• [INPUT DATA]
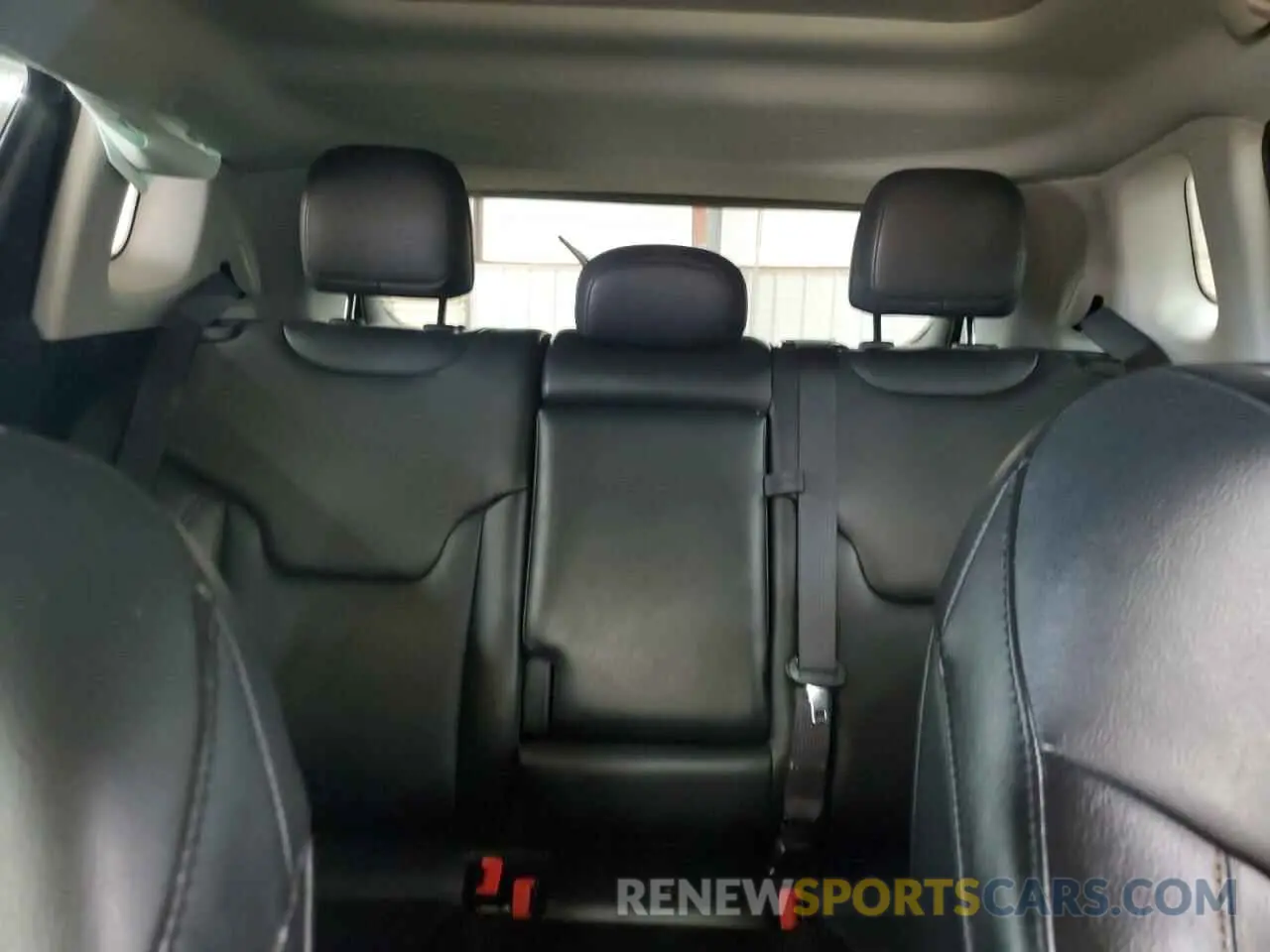 10 Photograph of a damaged car 3C4NJDCB5MT603624 JEEP COMPASS 2021
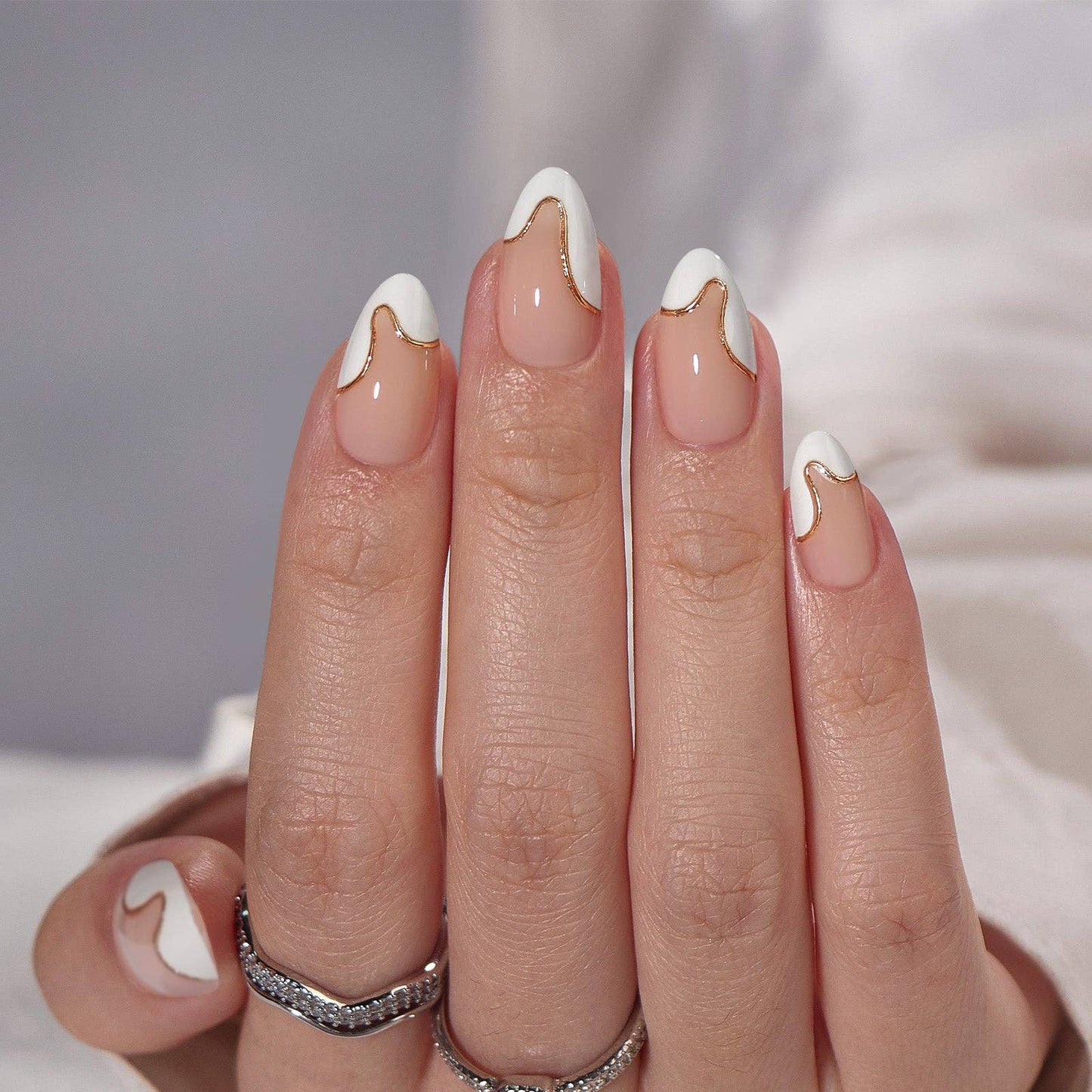 Gloden French Press On Nails - Almond Stick On Nails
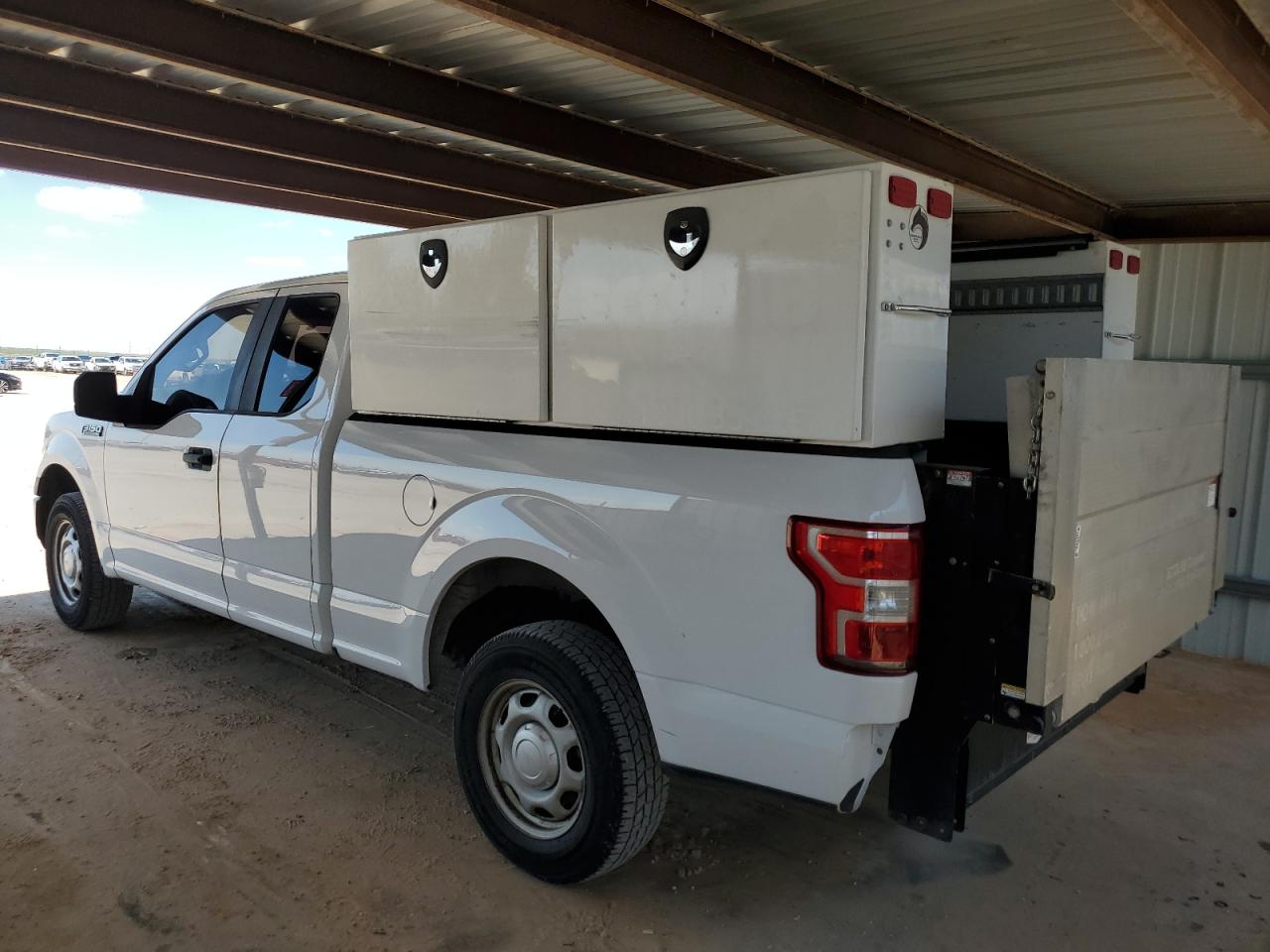 1FTEX1C52JKE82037 2018 Ford F150 Super Cab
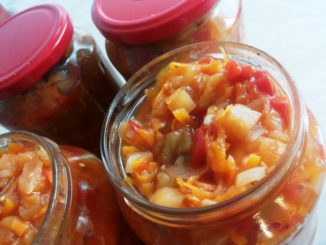 Баклажаны с луком и помидорами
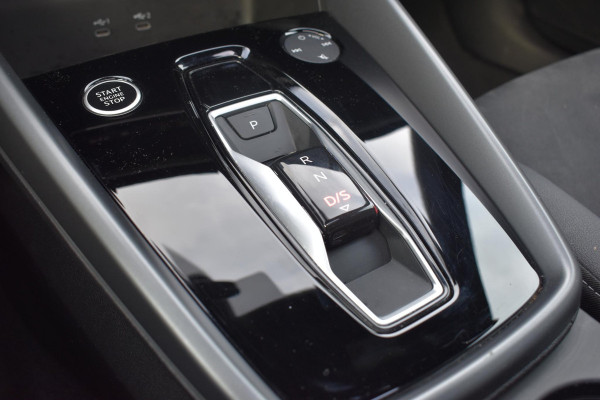 Audi A3 Sportback 35 TFSI S edition S-Line Pano Lane Kuip ACC Camera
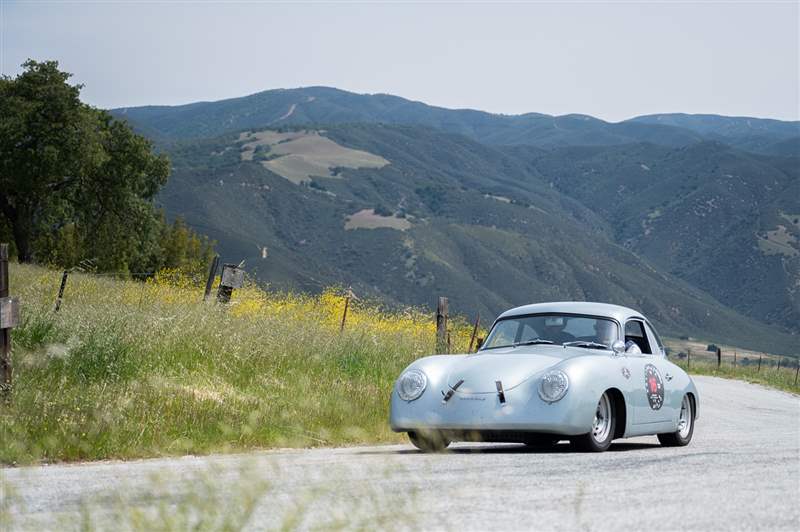 駕駛California Mille 復(fù)古跑車?yán)惖囊惶欤宕魇挵钔蟊?復(fù)刻表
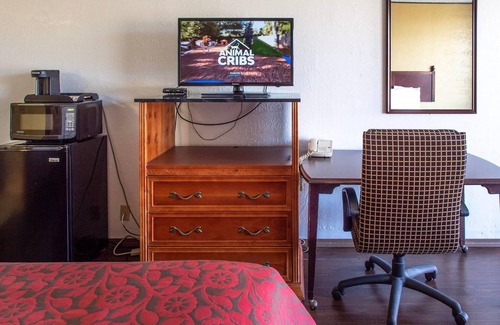 Clinton Hotel | Days Inn by Wyndham Clinton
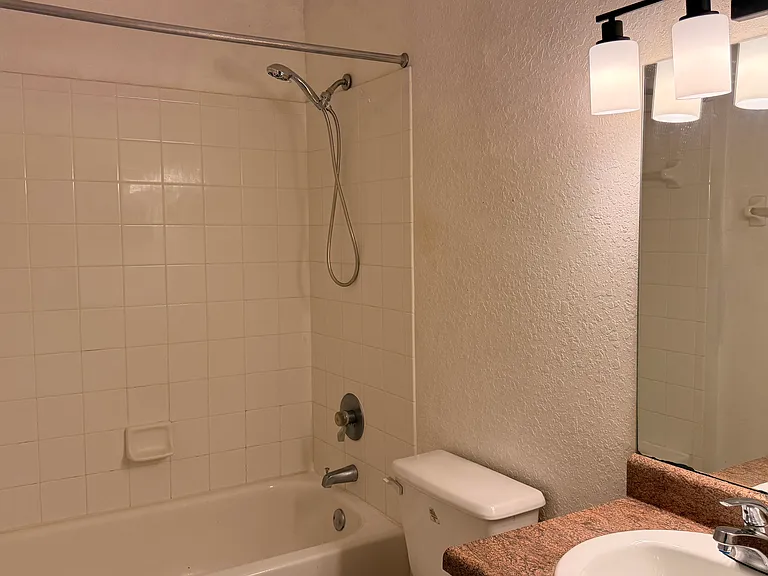 16381 Enclave Village Dr — Photo 19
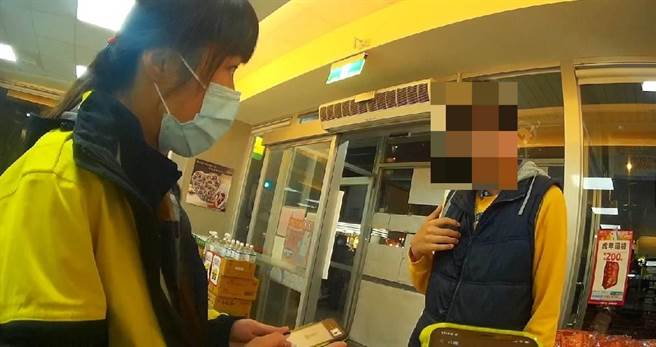 身障男负气离家迷途，热心店员和八德警助返家。(翻摄照片／蔡依珍桃园传真)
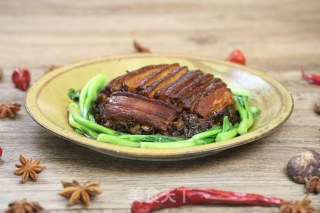 梅菜扣肉，不爱吃肥肉的人都不忍心拒绝的做法步骤：9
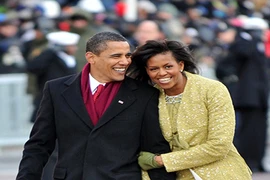 Loạt ảnh tình cảm của vợ chồng cựu Tổng thống Obama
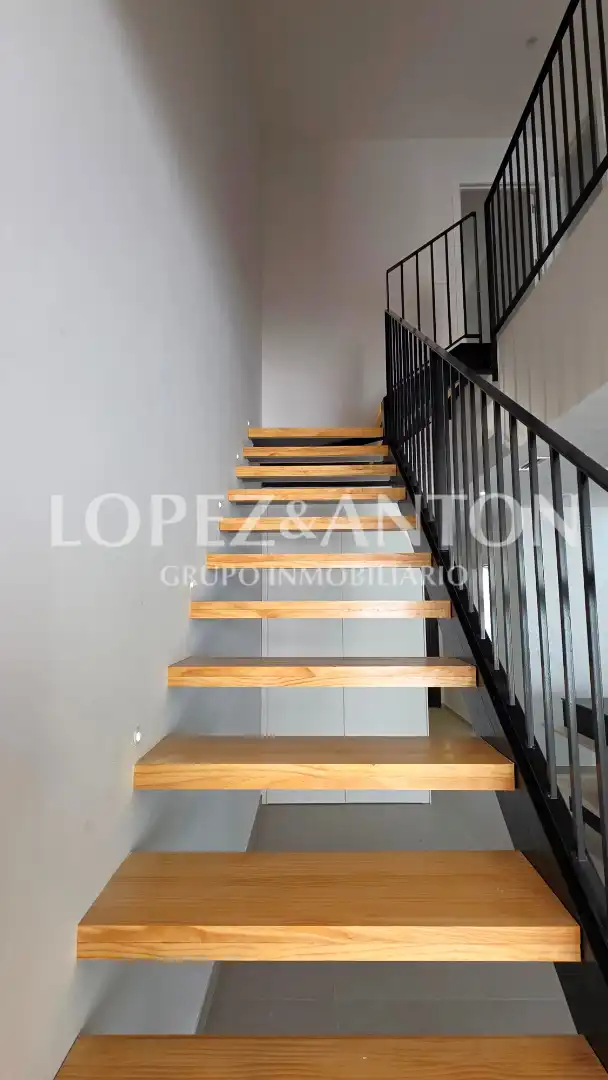 Casa adosada en venta en Benaguasil con Aire acondicionado, Calefacción y Terraza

• [WORK INSTRUCTION] Write every record out again exactly, omitting the pictures they hold.

• [EXERCISE ANSWER]
 10 Photograph of a damaged car 3C4NJDCB5MT603624 JEEP COMPASS 2021
 Gloden French Press On Nails - Almond Stick On Nails
 1FTEX1C52JKE82037 2018 Ford F150 Super Cab
 Баклажаны с луком и помидорами
 Audi A3 Sportback 35 TFSI S edition S-Line Pano Lane Kuip ACC Camera
 駕駛California Mille 復(fù)古跑車?yán)惖囊惶欤宕魇挵钔蟊?復(fù)刻表
 Clinton Hotel | Days Inn by Wyndham Clinton
 16381 Enclave Village Dr — Photo 19
 身障男负气离家迷途，热心店员和八德警助返家。(翻摄照片／蔡依珍桃园传真)
 梅菜扣肉，不爱吃肥肉的人都不忍心拒绝的做法步骤：9
 Loạt ảnh tình cảm của vợ chồng cựu Tổng thống Obama
 Casa adosada en venta en Benaguasil con Aire acondicionado, Calefacción y Terraza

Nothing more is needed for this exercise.